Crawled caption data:
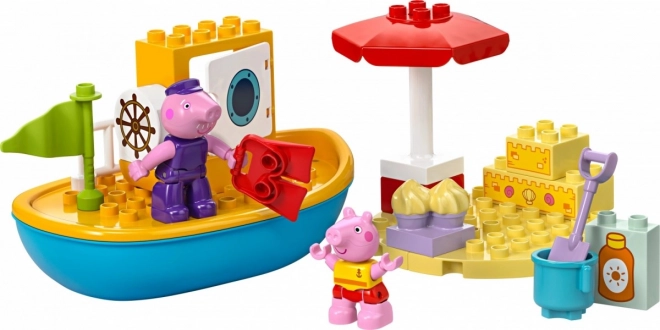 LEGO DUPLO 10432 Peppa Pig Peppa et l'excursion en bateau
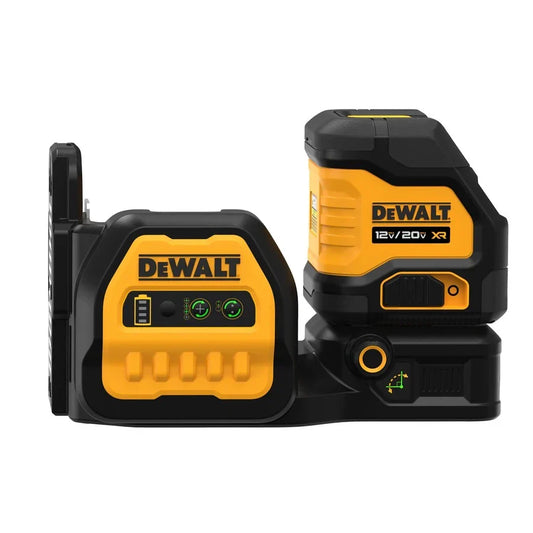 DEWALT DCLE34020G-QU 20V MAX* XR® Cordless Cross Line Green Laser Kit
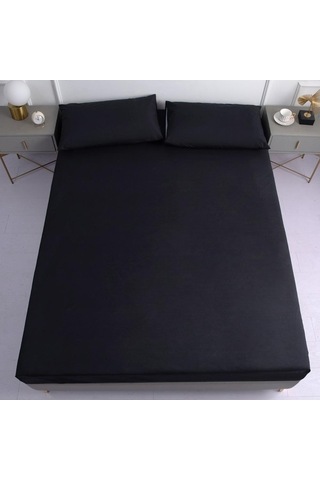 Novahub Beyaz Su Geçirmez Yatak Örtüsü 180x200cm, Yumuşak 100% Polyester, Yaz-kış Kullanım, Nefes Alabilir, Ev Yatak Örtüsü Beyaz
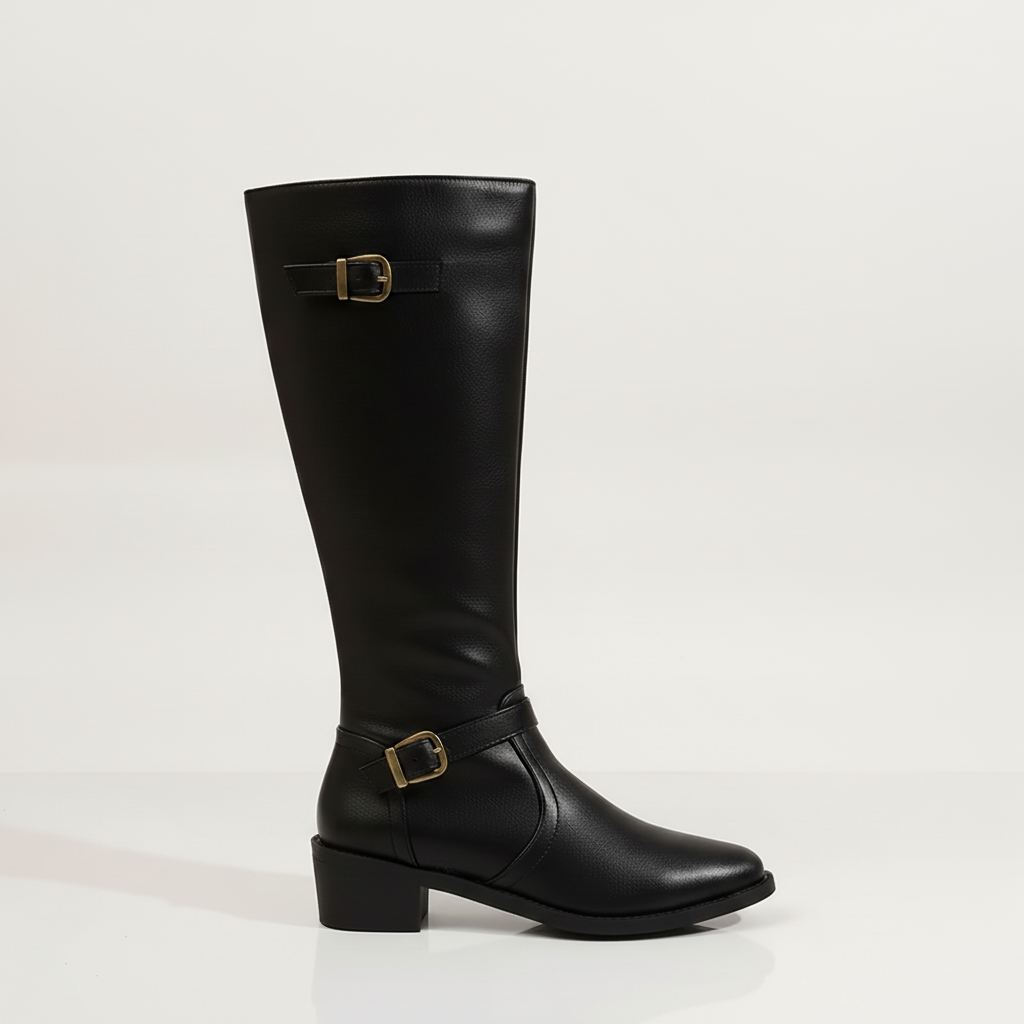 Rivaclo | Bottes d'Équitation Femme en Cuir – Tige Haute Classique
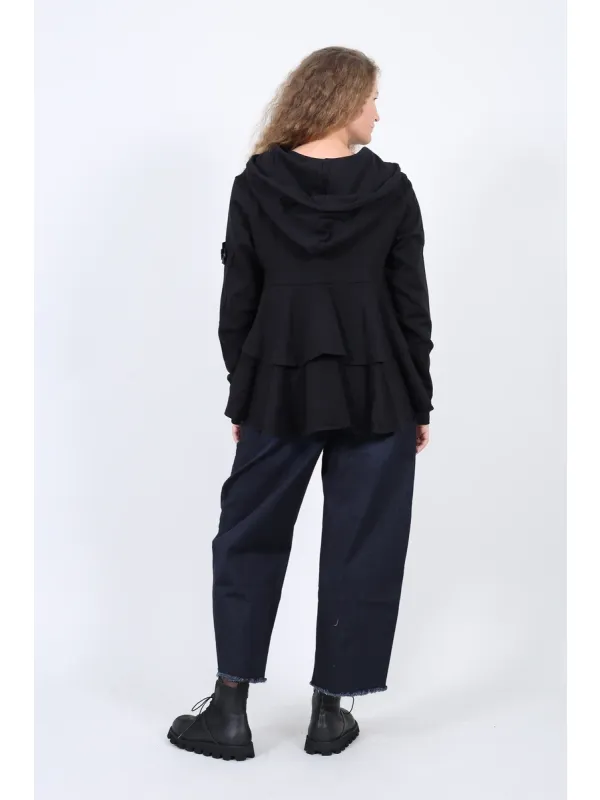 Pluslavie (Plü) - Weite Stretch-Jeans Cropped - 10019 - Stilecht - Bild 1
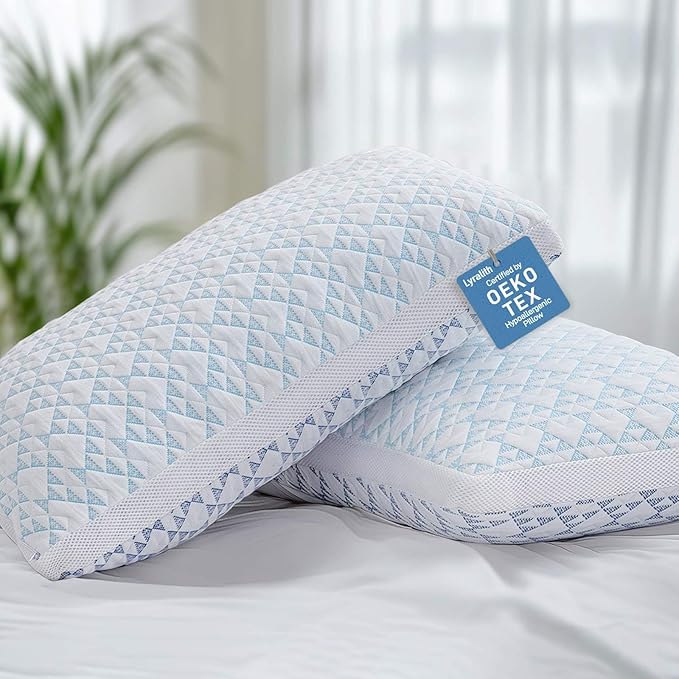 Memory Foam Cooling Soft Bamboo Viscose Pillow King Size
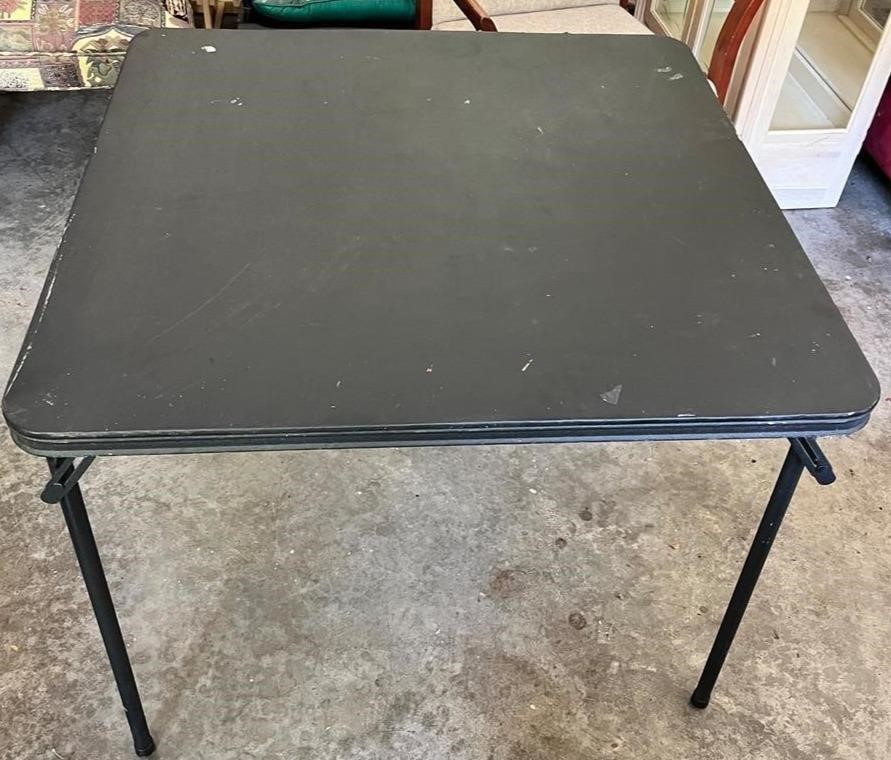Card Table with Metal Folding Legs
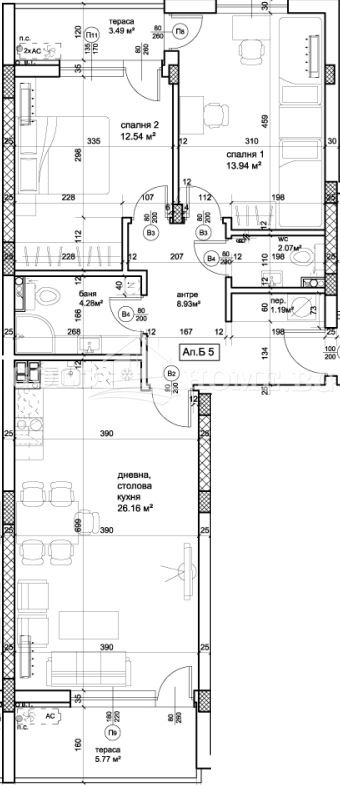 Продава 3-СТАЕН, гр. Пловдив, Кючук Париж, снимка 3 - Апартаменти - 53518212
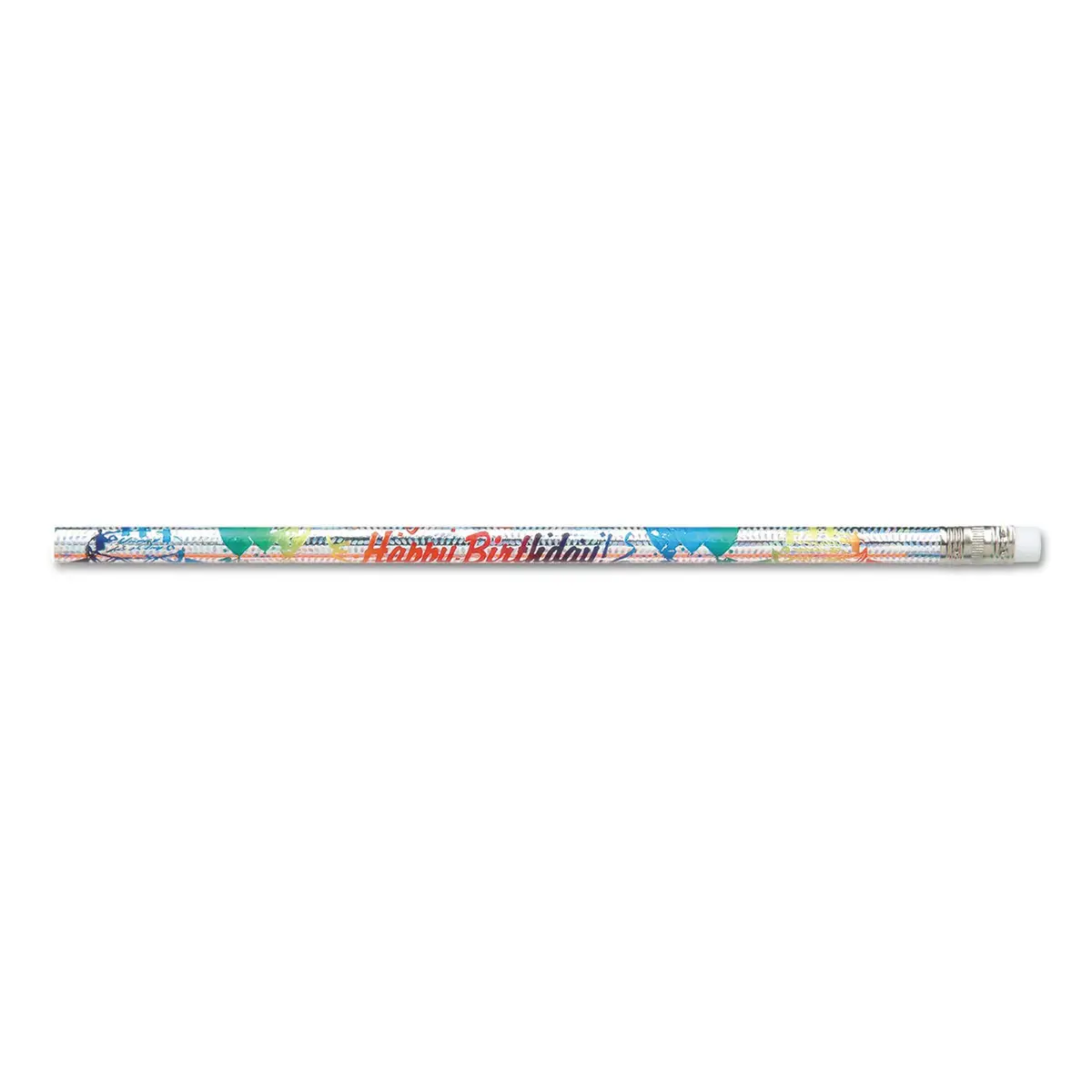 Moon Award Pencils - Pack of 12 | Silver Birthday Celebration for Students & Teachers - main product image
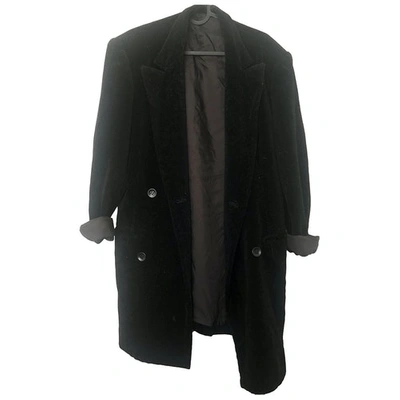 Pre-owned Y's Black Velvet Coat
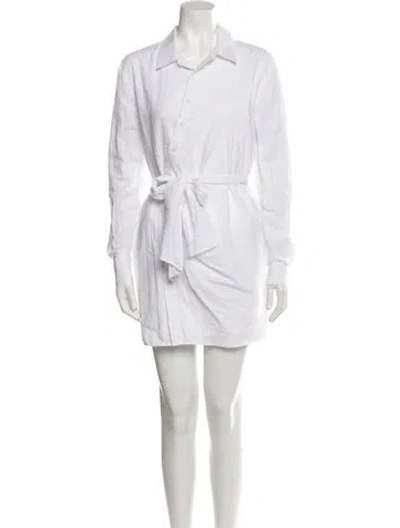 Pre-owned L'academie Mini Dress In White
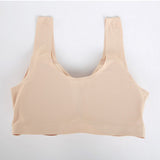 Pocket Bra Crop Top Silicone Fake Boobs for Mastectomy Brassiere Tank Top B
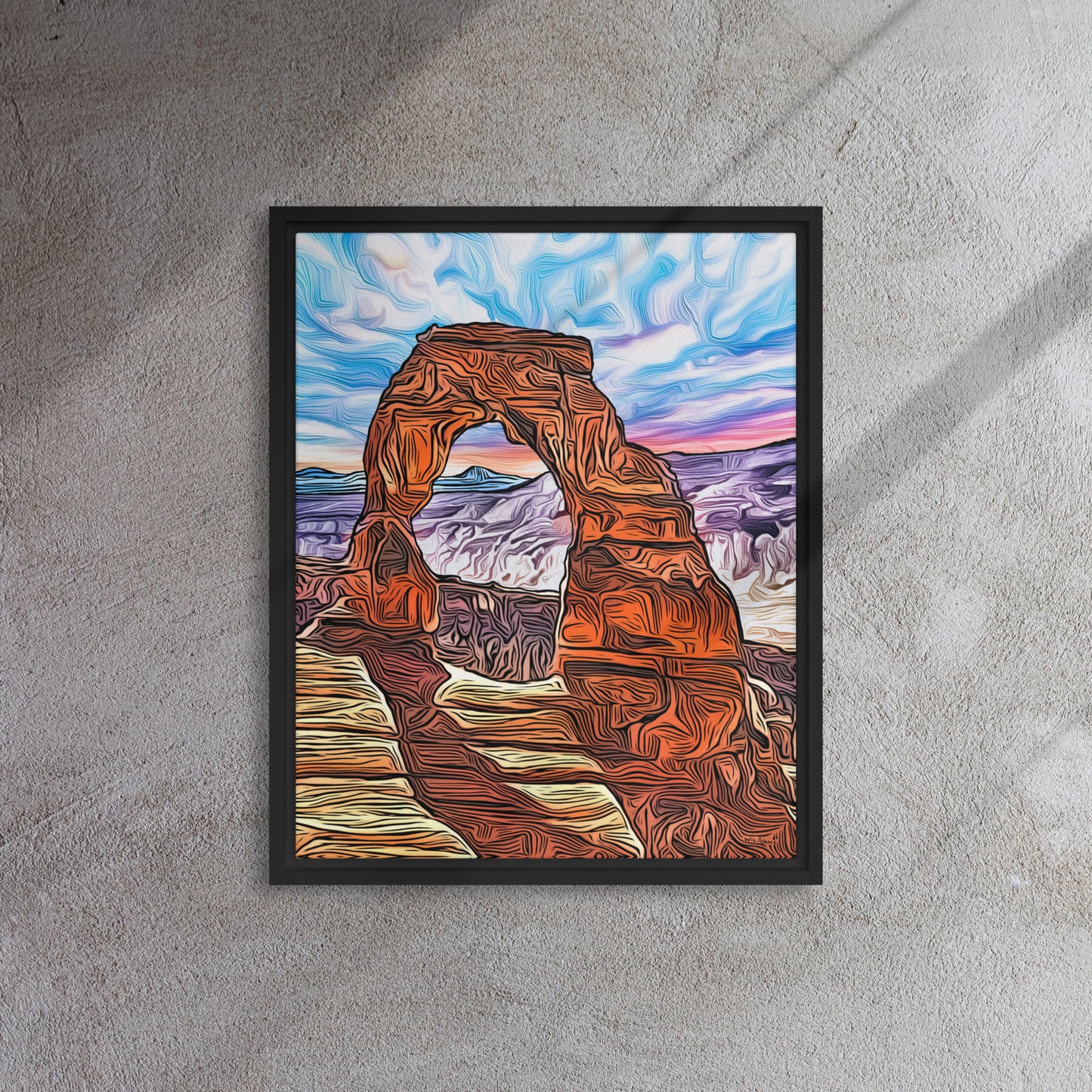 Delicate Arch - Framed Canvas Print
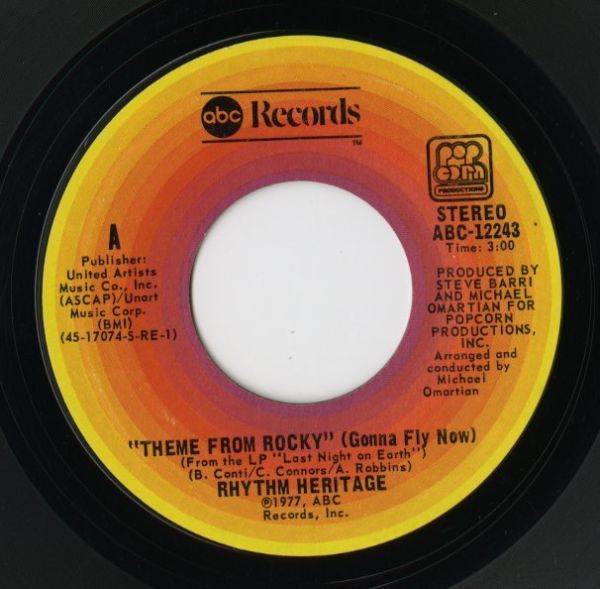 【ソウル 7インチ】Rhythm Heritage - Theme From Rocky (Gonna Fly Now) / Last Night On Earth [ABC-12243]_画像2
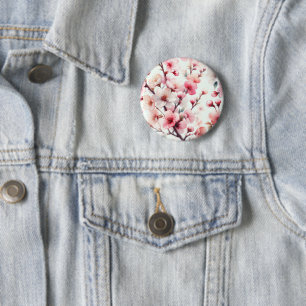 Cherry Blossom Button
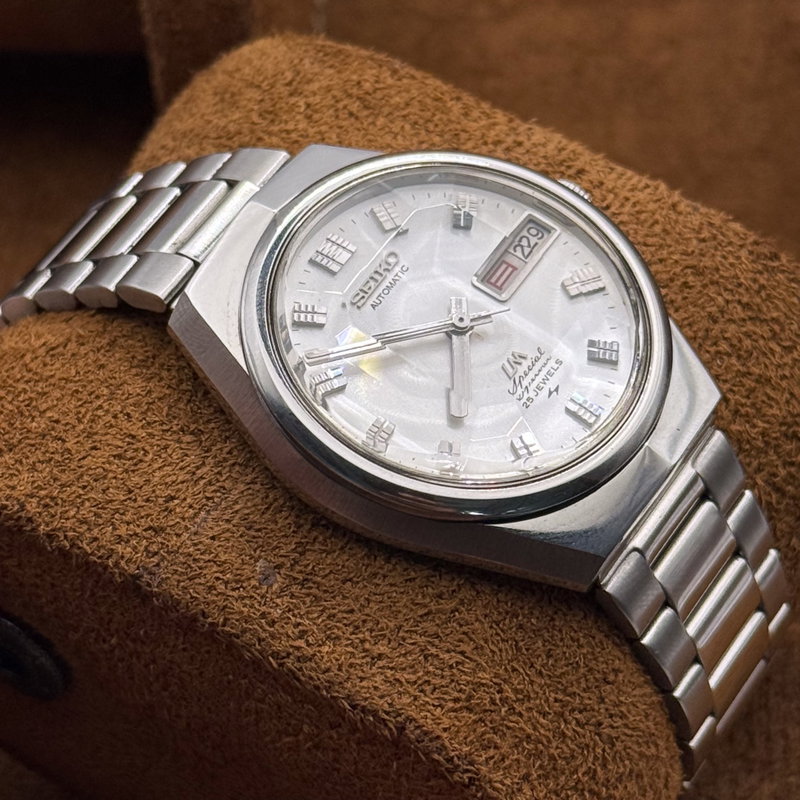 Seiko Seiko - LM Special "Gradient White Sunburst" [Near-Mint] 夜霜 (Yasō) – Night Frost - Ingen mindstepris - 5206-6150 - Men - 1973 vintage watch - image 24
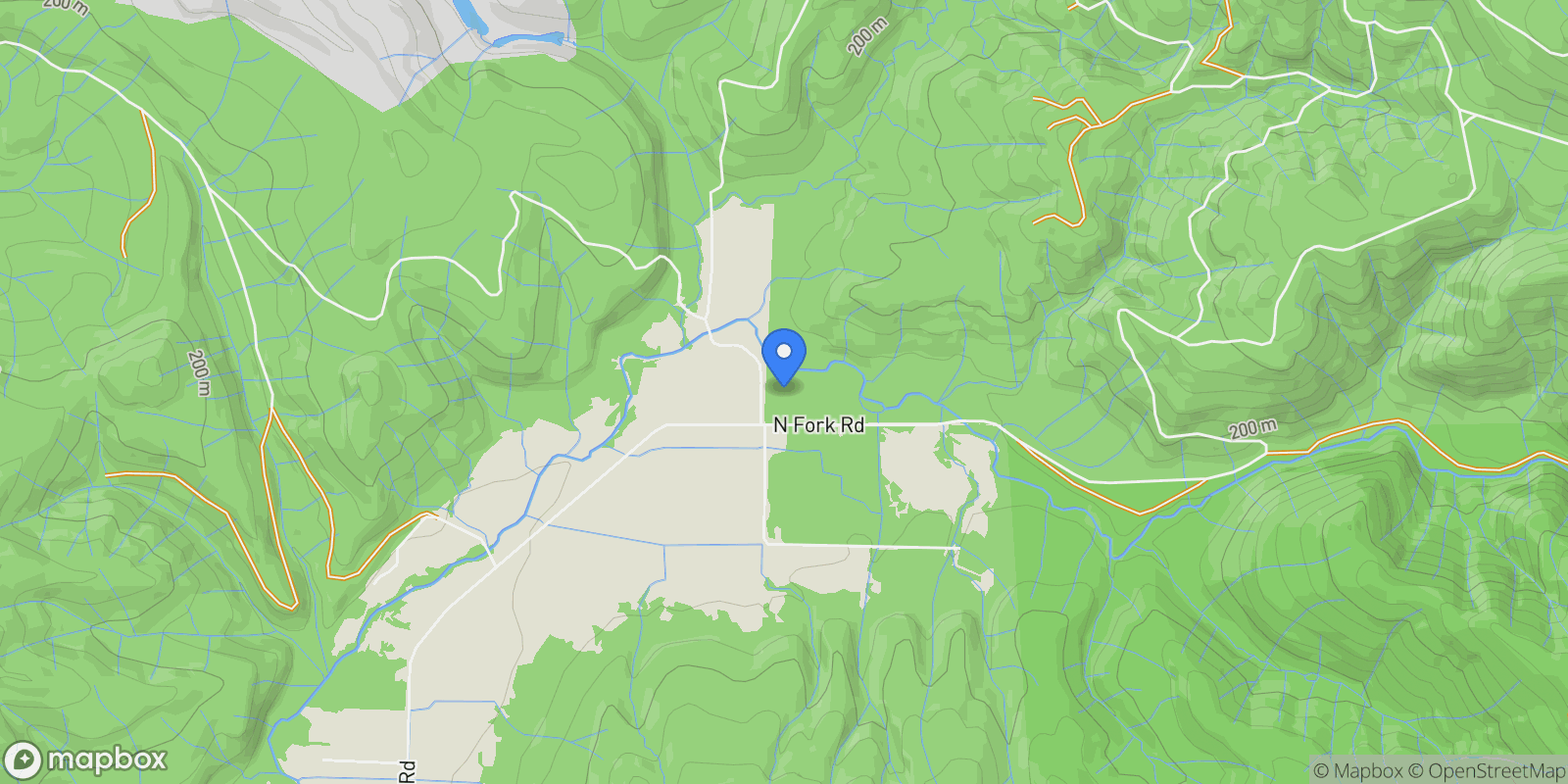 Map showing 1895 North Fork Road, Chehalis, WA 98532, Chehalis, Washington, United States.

** EXERCISE AIM **
Every line from the one holding "Pre-owned Y's Black Velvet Coat" through the end of the records above must be reproduced verbatim, pictures excepted.

** RESULT OF THE EXERCISE **
 Pre-owned Y's Black Velvet Coat
 Pre-owned L'academie Mini Dress In White
 Pocket Bra Crop Top Silicone Fake Boobs for Mastectomy Brassiere Tank Top B
 Delicate Arch - Framed Canvas Print
 【ソウル 7インチ】Rhythm Heritage - Theme From Rocky (Gonna Fly Now) / Last Night On Earth [ABC-12243]_画像2
 Cherry Blossom Button
 Seiko Seiko - LM Special "Gradient White Sunburst" [Near-Mint] 夜霜 (Yasō) – Night Frost - Ingen mindstepris - 5206-6150 - Men - 1973 vintage watch - image 24
 Map showing 1895 North Fork Road, Chehalis, WA 98532, Chehalis, Washington, United States.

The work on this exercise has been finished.